María Teresa Jardí
Es diáfano que México fue el país elegido para convertirse en laboratorio del imperio yanqui o de los consorcios globales que se perfilaban como los amos del planeta, teniendo como cabeza visible al de turno que en el país vecino gobierna. Echeverría y López Portillo jugaron el papel que se les indicó y se les permitió robar, a cambio de corromper, en el caso de López Portillo a la policía, que, sin ser científica, no llenaba las cárceles de los que nada debían. Y el mandato fue escalando a lo de llenar de pobres los penales porque se necesitaban para impulsar la conversión de los injustamente encerrados, para ser usados al salir, comandados por policías, en vendedores de drogas al menudeo iniciando con Salinas y profundizando con Zedillo la conversión de México en un país de adictos. Laboratorio que desde la sacada del Ejército a la calle por Felipe Calderón se perfilaba para ser punta de lanza del regreso de las dictaduras del siglo XXI en América Latina.

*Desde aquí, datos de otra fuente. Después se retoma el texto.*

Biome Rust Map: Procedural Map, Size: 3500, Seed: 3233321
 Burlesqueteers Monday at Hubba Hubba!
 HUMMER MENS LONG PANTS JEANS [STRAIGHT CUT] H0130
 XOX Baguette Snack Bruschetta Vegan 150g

Lo escribí en el pasado cuando se fue aclarando la cosa y hoy lo repito.
Y con el relevo neoliberal con Fox como cabeza del cambio, que no fue, se inició la barbarie que hoy obliga a las jóvenes a salir a la calle a gritar que no las maten y a parar el país en demostración que las mujeres son la base de la funcionalidad de las familias y de los trabajos y que son las jóvenes las que exigiendo no ser asesinadas, exigen también el fin de la limpia de los periodistas y de indígenas y de hombres pobres que también se comete aquí con una barbarie que espanta hasta al demonio, si existe.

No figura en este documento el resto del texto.